There is no definite line to separate these categories from each other. However, a thumb rule is that stocks with a market capitalization of $10 billion or more are counted as large-cap stocks. While stocks with market capitalization between $2 billion and $10 billion are treated as mid-cap stocks. Additionally, stocks with market capitalization lower than $2 billion qualify as small-cap stocks.
Large-cap stocks are usually safer and are more conservative investments. But mid-cap and small-cap stocks have greater growth potential and are riskier as well.
3. Types Of Stocks Based on the Geographic Location of the Company’s Headquarters
Domestic Stocks and International Stocks
To distinguish domestic US stocks from international stocks, many investors consider the location of the company’s official headquarters.
However, we need to understand that a stock’s geographical category may not always indicate where the company gets its sales from. For instance, Philip Morris International has its headquarters in the US, but it sells tobacco and its other products exclusively outside the US. Thus, it is quite difficult to find out whether a company is domestic or international just from its business operations and financial metrics.
4. Types Of Stocks Based on the Nature of Stocks
Growth Stocks and Value Stocks
Growth investors search for companies that are experiencing high sales and profits. While value investors search for companies having lower share prices as compared to their peers.
Growth stocks have higher risk levels, but they also offer attractive returns. Successful growth stocks are stocks of those companies that leverage rising consumer demand. These businesses are exposed to high competition. Thus, if a competitor disrupts its business, the price of the growth stock can reduce quickly. For that matter, even a growth slowdown can lower the growth stocks’ prices.
However, value stocks are considered as more conservative investments. These stocks are of mature and popular companies. These companies are already industry leaders and do not have the scope to expand further. They have thrived on reliable business models. Therefore, investors looking for price stability like these stocks.
5. Types Of Stocks Based on Dividend Paid on the Stocks
Dividend Stocks and Non-Dividend Stocks
Many stocks pay annual or interim dividends to the shareholders. Dividends represent a valuable and regular income for investors.

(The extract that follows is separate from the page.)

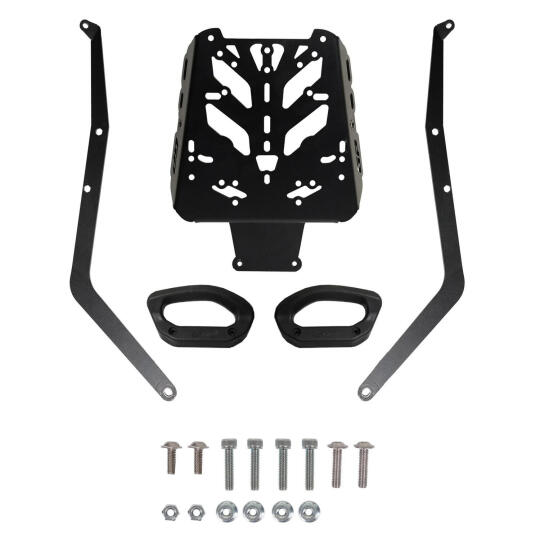 GP Kompozit Peugeot PM-02 2024-2025 Uyumlu Arka Çanta Demiri Siyah - 6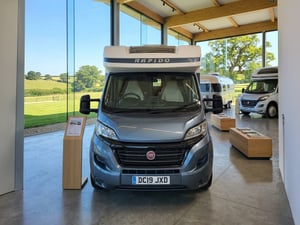 2019 Rapido 696F Premium Edition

This makes dividend stocks very attractive to certain groups of investors. A company paying just a $0.01 dividend per share may classify as a dividend stock.
However, non-dividend stocks do not pay dividends. Non-dividend stocks can also be strong investments provided they offer capital appreciation to the shareholders. Capital appreciation refers to the absolute increase in the stock price compared to the initial purchase price.
A lot of big companies do not prefer to pay dividends. However, the recent trend shows that more companies are paying dividends to their shareholders.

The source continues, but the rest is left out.